◆ What you need to do:
All lines from the one containing "So first, we're" to the end of the entries below must be output exactly, and no other lines.

[Stored data — start]

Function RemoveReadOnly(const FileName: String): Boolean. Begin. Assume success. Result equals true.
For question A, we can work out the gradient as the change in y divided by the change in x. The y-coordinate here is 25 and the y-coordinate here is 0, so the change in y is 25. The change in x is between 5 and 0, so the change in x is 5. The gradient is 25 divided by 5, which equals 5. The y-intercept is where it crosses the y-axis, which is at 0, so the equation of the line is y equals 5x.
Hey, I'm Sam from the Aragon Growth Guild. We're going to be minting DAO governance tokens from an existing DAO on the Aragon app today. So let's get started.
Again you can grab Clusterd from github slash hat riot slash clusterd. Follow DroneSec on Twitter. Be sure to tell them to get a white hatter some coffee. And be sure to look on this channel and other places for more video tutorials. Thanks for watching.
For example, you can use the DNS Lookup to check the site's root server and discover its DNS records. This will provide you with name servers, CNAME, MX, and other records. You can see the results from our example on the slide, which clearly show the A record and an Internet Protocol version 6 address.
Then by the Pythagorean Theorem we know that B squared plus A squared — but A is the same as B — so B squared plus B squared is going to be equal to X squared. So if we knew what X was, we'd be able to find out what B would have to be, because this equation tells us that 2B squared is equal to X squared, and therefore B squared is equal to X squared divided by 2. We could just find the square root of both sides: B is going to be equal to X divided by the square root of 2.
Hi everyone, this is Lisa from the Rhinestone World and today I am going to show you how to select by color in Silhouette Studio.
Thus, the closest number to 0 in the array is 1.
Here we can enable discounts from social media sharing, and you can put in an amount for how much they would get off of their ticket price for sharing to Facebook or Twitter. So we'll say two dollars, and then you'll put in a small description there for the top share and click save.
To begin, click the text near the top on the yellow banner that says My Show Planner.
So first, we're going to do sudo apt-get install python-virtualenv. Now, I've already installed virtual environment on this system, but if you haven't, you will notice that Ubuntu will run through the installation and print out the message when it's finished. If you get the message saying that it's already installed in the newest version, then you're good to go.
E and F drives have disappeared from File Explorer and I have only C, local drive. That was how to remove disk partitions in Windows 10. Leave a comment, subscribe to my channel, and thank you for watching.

[Stored data — finish]

◆ Solution to this problem:
So first, we're going to do sudo apt-get install python-virtualenv. Now, I've already installed virtual environment on this system, but if you haven't, you will notice that Ubuntu will run through the installation and print out the message when it's finished. If you get the message saying that it's already installed in the newest version, then you're good to go.
E and F drives have disappeared from File Explorer and I have only C, local drive. That was how to remove disk partitions in Windows 10. Leave a comment, subscribe to my channel, and thank you for watching.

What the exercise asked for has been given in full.